## WHAT THE TASK REQUIRES
Return each line below exactly as it reads, and omit any image in it.

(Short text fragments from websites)
===============
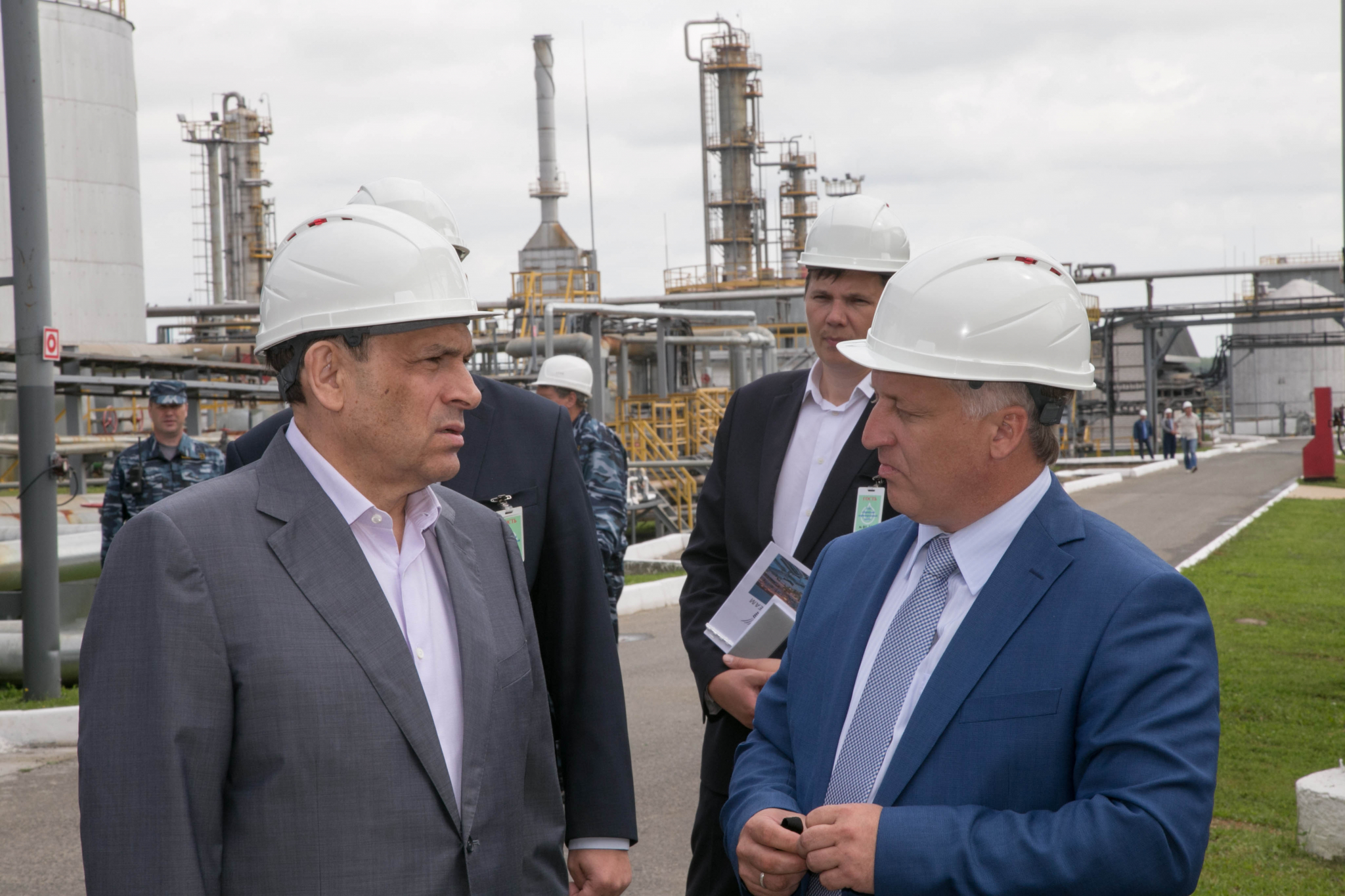 Врио Главы Марий Эл посетил нефтеперерабатывающий завод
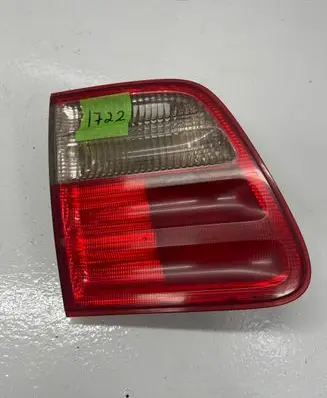 Mercedes-Benz E W210 Tailgate rear/tail lights A2108205964 324501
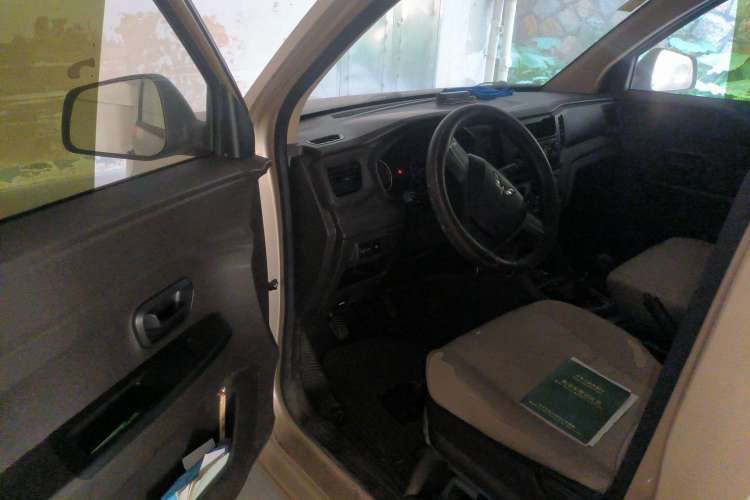 Used Wuling Hongguang V 2019 1.5L Base Window-Sealed Vehicle China VI LAR Driver Seat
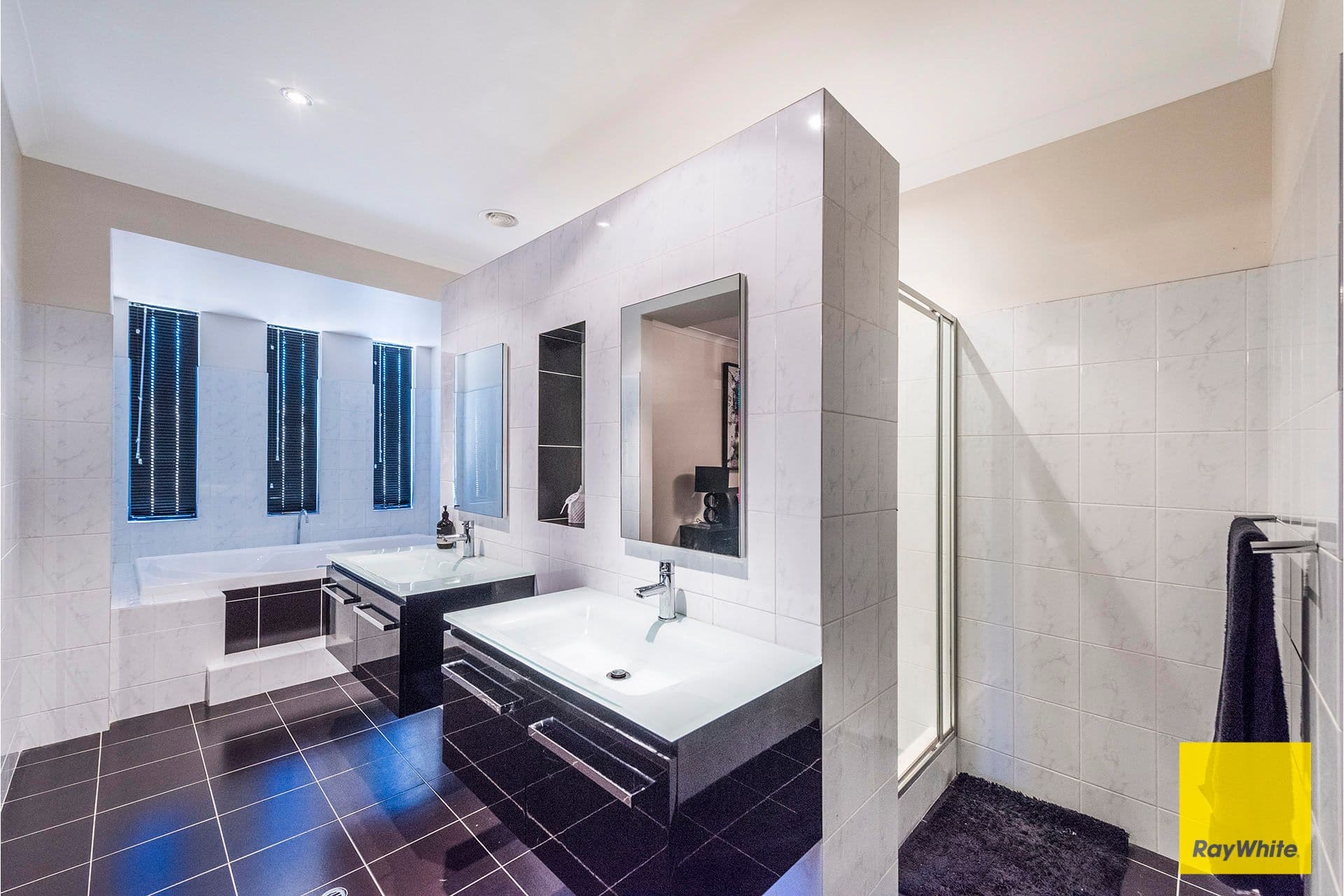 18 Glenview Way, Southern River WA 6110, Southern River - Thumbnail 6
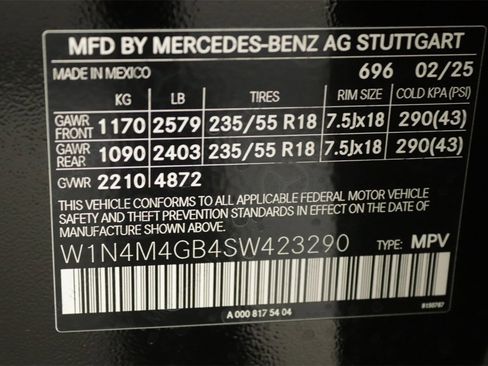 New 2025 Mercedes-Benz GLB 250 image 15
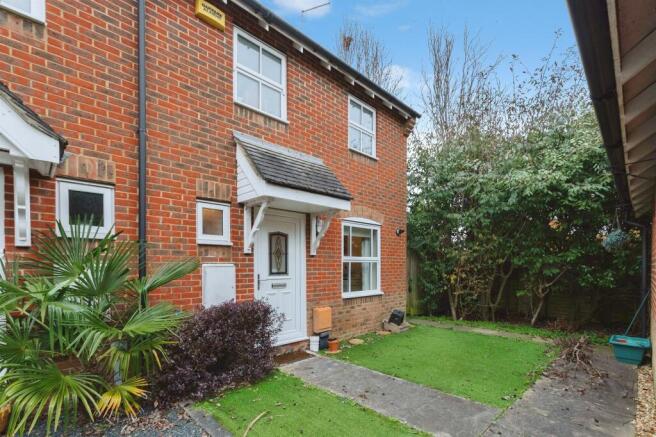 3 bed property, in St. Cleeve Way, £365,000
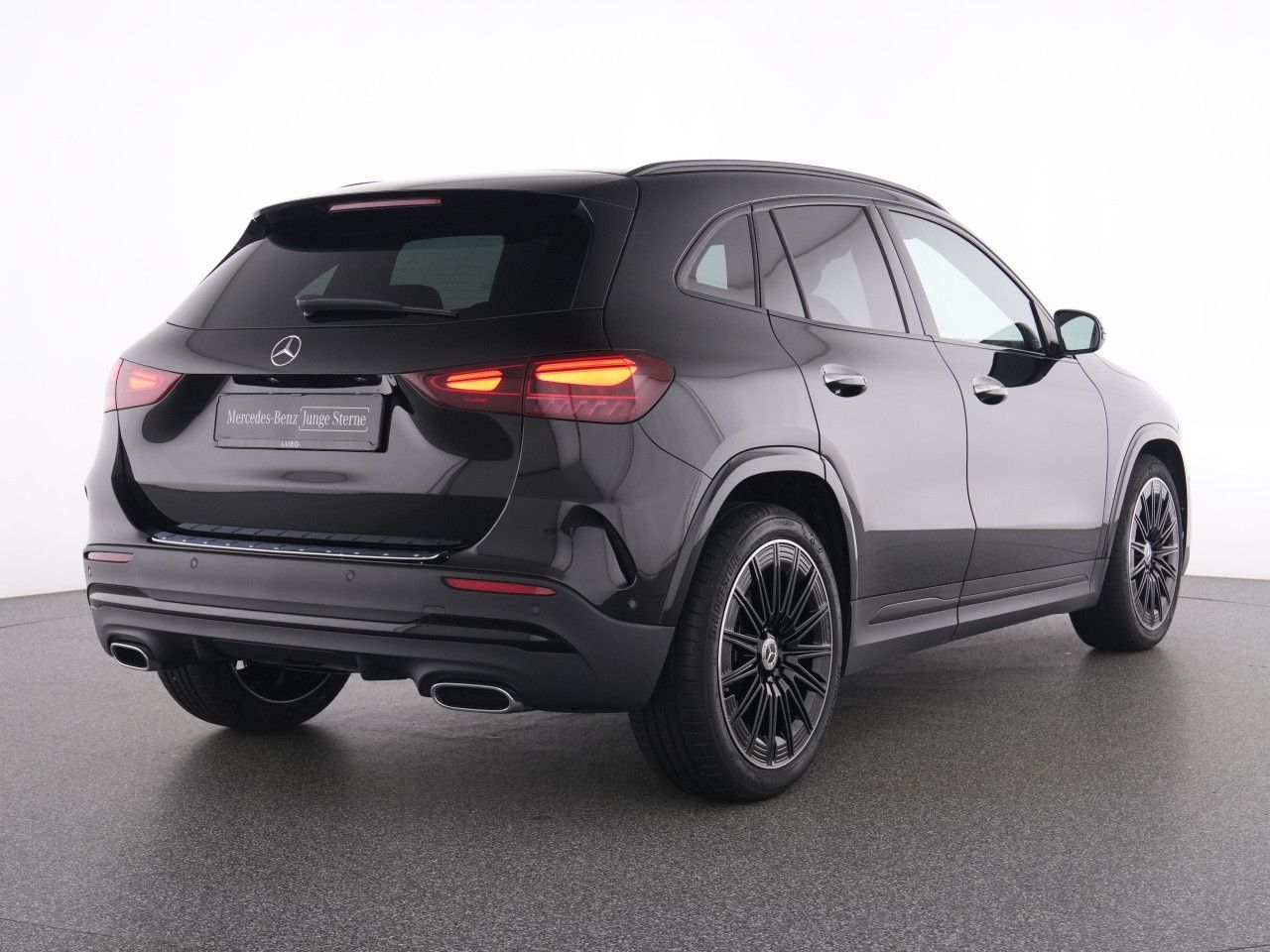 Mercedes-Benz GLA – Bild 2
===============
## OUTPUT OF THE TASK
 Врио Главы Марий Эл посетил нефтеперерабатывающий завод
 Mercedes-Benz E W210 Tailgate rear/tail lights A2108205964 324501
 Used Wuling Hongguang V 2019 1.5L Base Window-Sealed Vehicle China VI LAR Driver Seat
 18 Glenview Way, Southern River WA 6110, Southern River - Thumbnail 6
 New 2025 Mercedes-Benz GLB 250 image 15
 3 bed property, in St. Cleeve Way, £365,000
 Mercedes-Benz GLA – Bild 2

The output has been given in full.